Yesterday was a big family Christmas-type day. We picked out our tree, hung the lights, and visited Santa. Usually we wait in line to see Santa, but on this day he was taking a break, helping to run the merry-go-round. My son and his friend were finishing up their ride when they spotted him. He came over to do the Santa thing. And suddenly I realized that Santa was happening right now, whether I was ready or not.

But I was ready.

I posted the photos that evening, and a few friends asked, in a flattering and kind way, how I always get such nice shots. And the answer is not a new one, but as I replied, I realized that it is a valuable one to repeat.

Christmas is coming. Here’s how to take some good photos.

Buy a DSLR

Step one is to put your phone away. Step two is to, for the time being, ignore all the excitement about mirrorless cameras. There are some great ones, but this is my advice, and I use an SLR.

Buy literally any DSLR. The cheapest ones you can get these days are crazy good. There’s the Canon Rebel line, and the Nikon D3200. Heck, buy a used one from a couple of years ago.

Buy the body only. The kit lens that comes with these inexpensive SLRs is not worth the plastic it’s stamped out of. If your inexpensive DSLR is not available without a lens, buy it and literally throw away the lens. Into a landfill. Directly onto endangered waterfowl. I’m serious.

You just spent $400 or so. I’ve bought many pocket cameras that cost more.

Buy a “Fast 50”

The oldest advice about photography is still the best. A “fast 50” is the cheapest, best lens. On your inexpensive DSLR, 50mm is a portrait lens, which means it’s good for taking pictures of people—which are the only pictures anyone cares about.

  • Canon’s 50mm f/1.8 is little more than $100. It’s made of cheap plastic on the outside, but on the inside it’s made of pure photolookbetterium.

  • Nikon’s 50mm f/1.8 is a little more expensive, but its ancestry traces back to some of the best stills lenses ever made.

Use Aperture Priority Mode and Shoot Wide Open

You just bought a lens with a large maximum aperture. That means that the little diaphragm in your lens can “open up” wider than most other lenses, letting in more light. So use it—shoot in Aperture Priority mode, and set your aperture to the smallest possible number. In the case of the above lenses, that’s 1.8.

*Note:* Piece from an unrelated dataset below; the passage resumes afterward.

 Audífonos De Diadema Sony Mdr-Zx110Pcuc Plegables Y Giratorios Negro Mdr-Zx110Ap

Shooting wide-open will result in two things: First, you can shoot in lower light, and even capture fast motion like kids on a carousel. Second, you’ll get that wonderful shallow depth of field that mushes busy backgrounds into pleasing blobs of light.

Use Auto ISO

Today’s DSLRs can produce usable images at very high ISOs. The higher the ISO, the less light you need. High IOS images are more noisy, but noise is preferable to motion blur.

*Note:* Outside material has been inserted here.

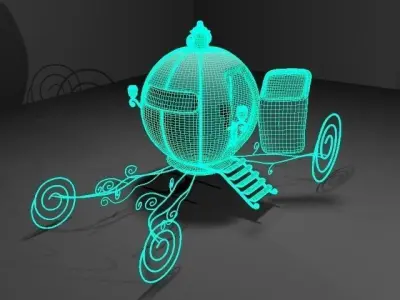 Cinderella cart   3D model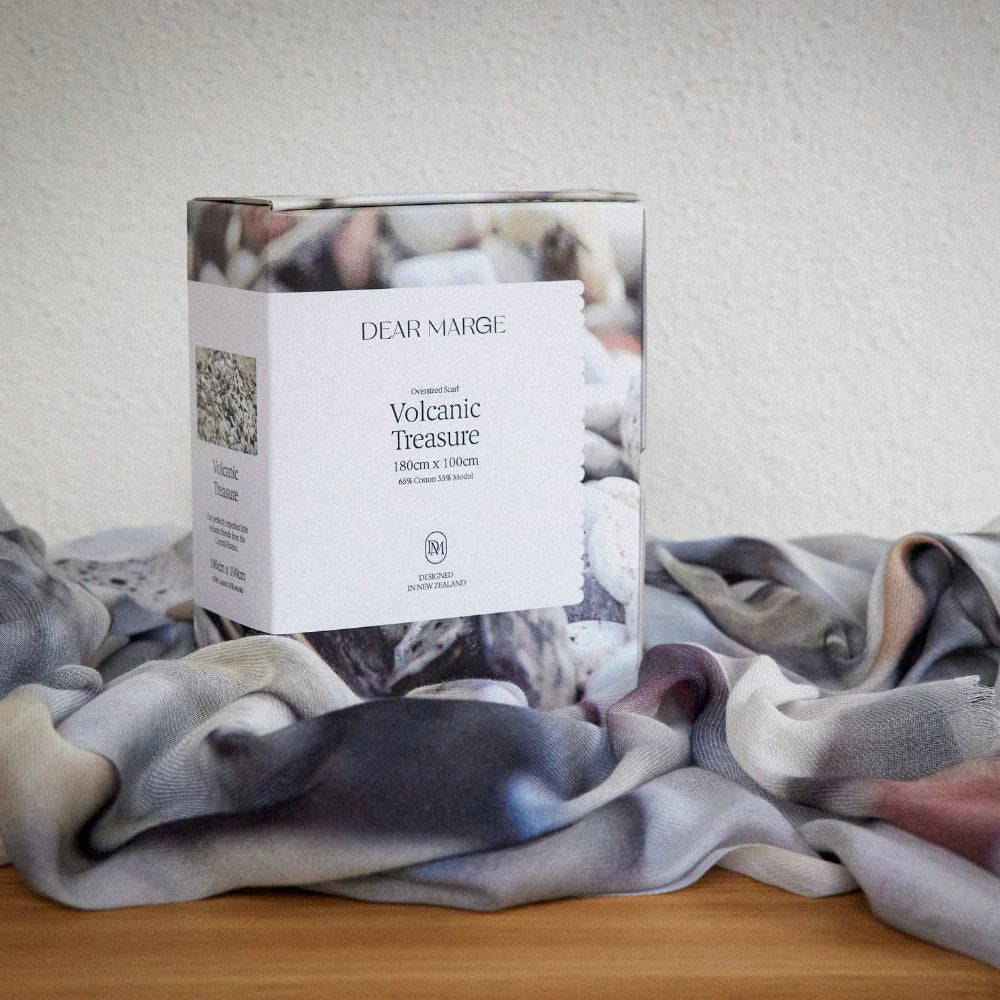 Dear Marge Scarf - Volcanic Treasure New Zealand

By letting your camera choose your ISO for you, and enforcing a wide-open f-stop using Aperture Priority mode, you’re instructing your camera to choose an ISO that will get you an acceptably fast shutter speed for whatever lighting conditions you face.

Manually Set Your Focus Points

The printed manual for your camera will be confusing and mostly useless, but do flip through it to find the part about controlling what part of the frame the camera will try to focus on. With this new shallow depth of field you’re enjoying, you can no longer allow the camera to guess at what to focus on, nor can you center-focus, half-press the shutter, and re-frame. You’re now like Maverick trying to get missile lock — do not push that button until the little box blinks on your kid’s eyeball.

Shoot Raw

Shooting raw gives you two wonderful gifts: It opens up a world of processing opportunities for your photos, which is great. But it also greatly limits the amount of futzing you can/must do with the camera itself. You can shoot all night with the wrong white balance, and it doesn’t matter. You don’t have to choose noise reduction settings, or “picture modes.” Just capture moments. Do that other stuff later.

Do That Other Stuff Later

Post-process your photos using Adobe Lightroom. Lightroom is about $100, and worth every penny and more.

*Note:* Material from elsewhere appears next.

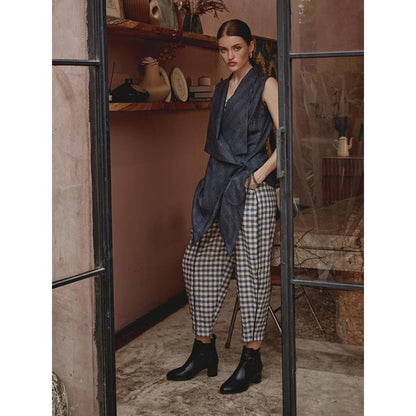 House of Fett Scott Tie Up Cape - Blue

In Lightroom, you’ll both organize and process your photos. If you don’t do either of these things, your photos won’t be good. Failing to process your photos means they’ll look mediocre. Failing to organize your photos means that no one will ever see them.

Shoot A Ton of Shots Like a Crazy Person

Yesterday I shot 367 photos. When I got home, I immediately deleted 147 of those. I wound up selecting 11 to share with friends.

Being selective like this is the only way to fool your friends into thinking you’re a great photographer. To support your new “spray and pray” method of shooting, you’ll want a couple of big memory cards, which will cost you about $30 each.

Use my Lightroom Presets

When I said that failing to process your shots means they’ll look mediocre, you might have panicked a little. That’s OK, processing raw photos to look their best is a deep subject. Lightroom’s “develop” controls are powerful, but daunting.

So don’t use them. Do this instead:

My Lightroom presets make developing your shots a “see and react” operation, instead of requiring you to be an expert.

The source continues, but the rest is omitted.